Captioned web images
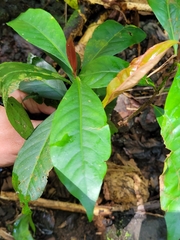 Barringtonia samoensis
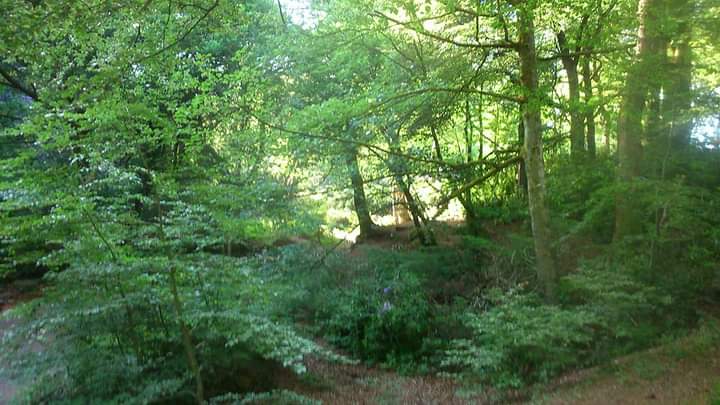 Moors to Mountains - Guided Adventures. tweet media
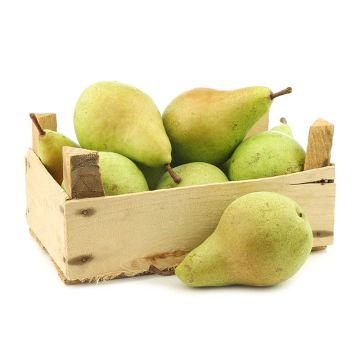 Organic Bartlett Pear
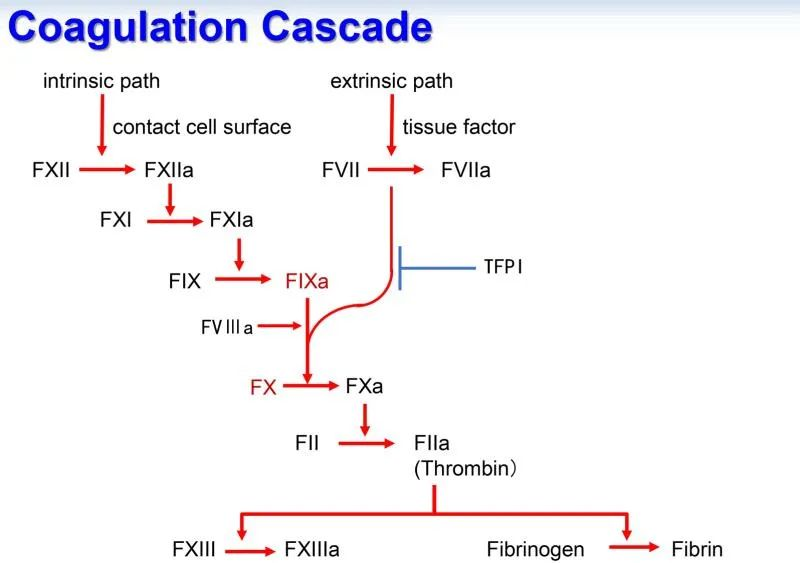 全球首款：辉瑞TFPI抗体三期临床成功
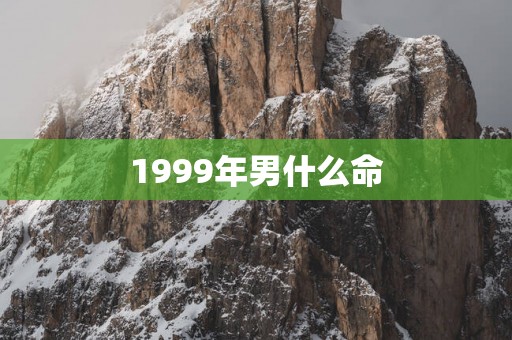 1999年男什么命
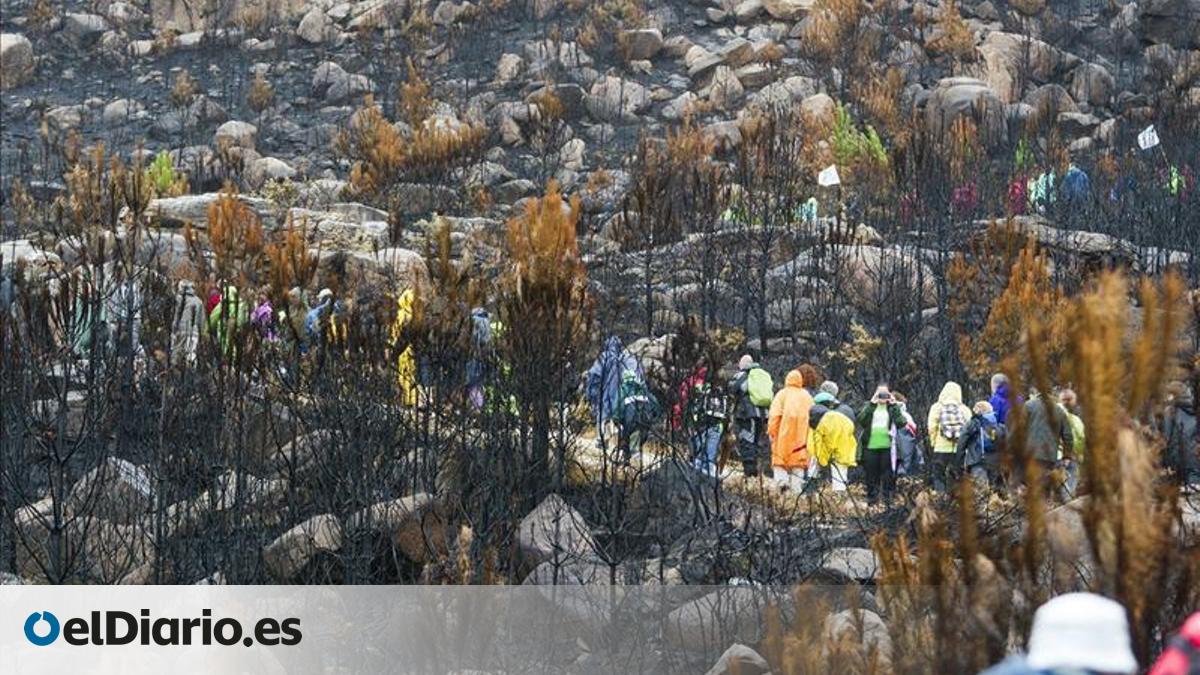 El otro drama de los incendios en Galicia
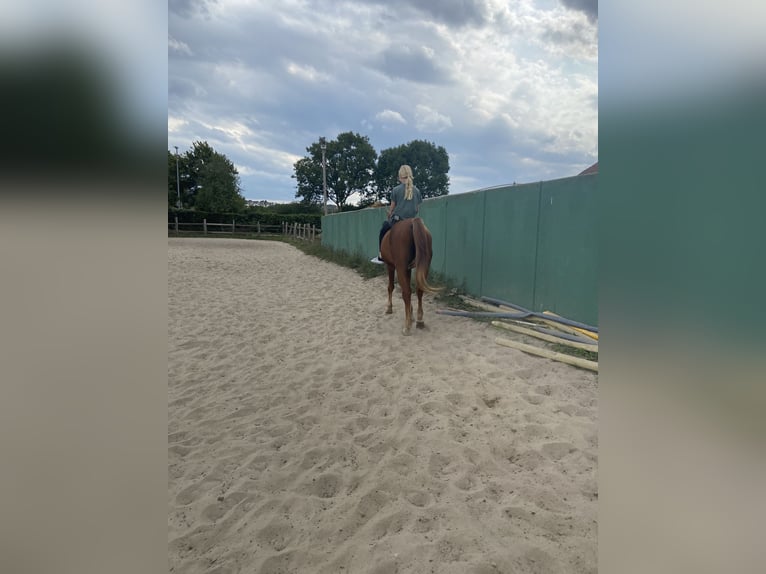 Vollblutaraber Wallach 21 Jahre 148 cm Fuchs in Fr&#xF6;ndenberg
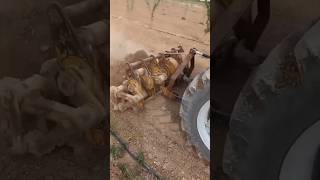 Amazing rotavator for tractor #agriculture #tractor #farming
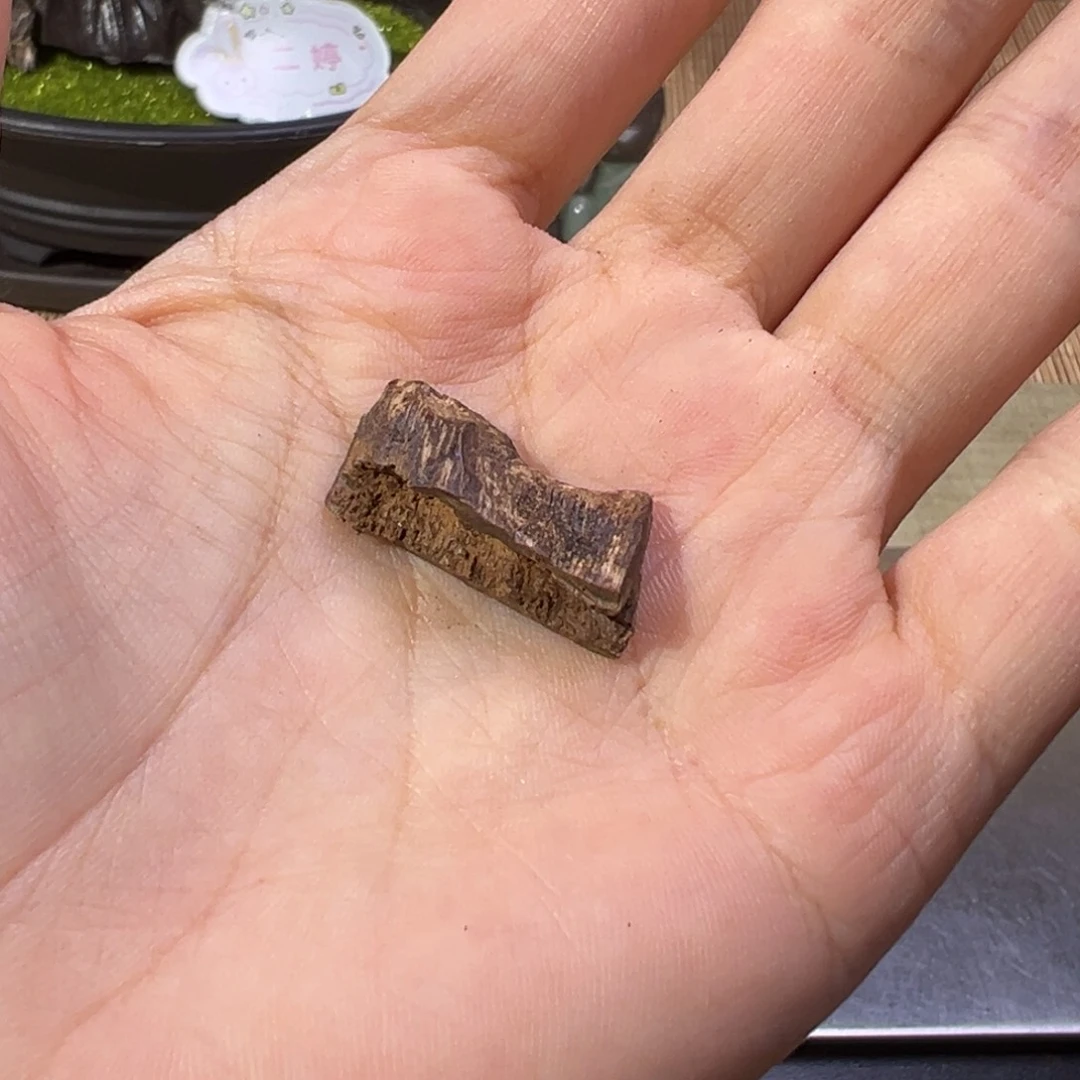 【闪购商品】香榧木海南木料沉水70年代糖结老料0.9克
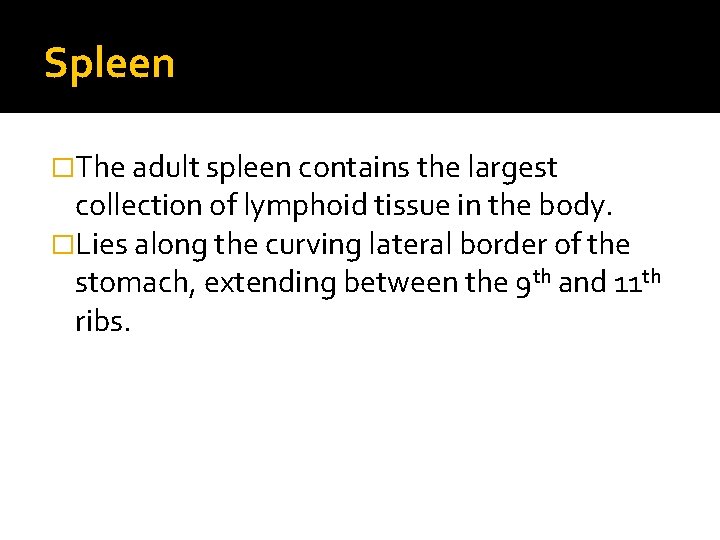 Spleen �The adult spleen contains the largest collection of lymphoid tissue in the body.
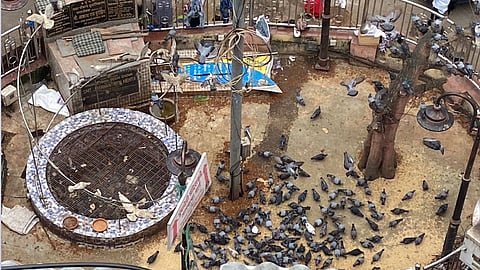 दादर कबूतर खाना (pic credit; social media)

◆ **ACTIVITY**:
What is needed here is an exact transcript of the data above, pictures excluded.

◆ **WRITTEN REPLY**:
 Barringtonia samoensis
 Moors to Mountains - Guided Adventures. tweet media
 Organic Bartlett Pear
 全球首款：辉瑞TFPI抗体三期临床成功
 1999年男什么命
 El otro drama de los incendios en Galicia
 Vollblutaraber Wallach 21 Jahre 148 cm Fuchs in Fr&#xF6;ndenberg
 Amazing rotavator for tractor #agriculture #tractor #farming
 【闪购商品】香榧木海南木料沉水70年代糖结老料0.9克
 Spleen �The adult spleen contains the largest collection of lymphoid tissue in the body.
 दादर कबूतर खाना (pic credit; social media)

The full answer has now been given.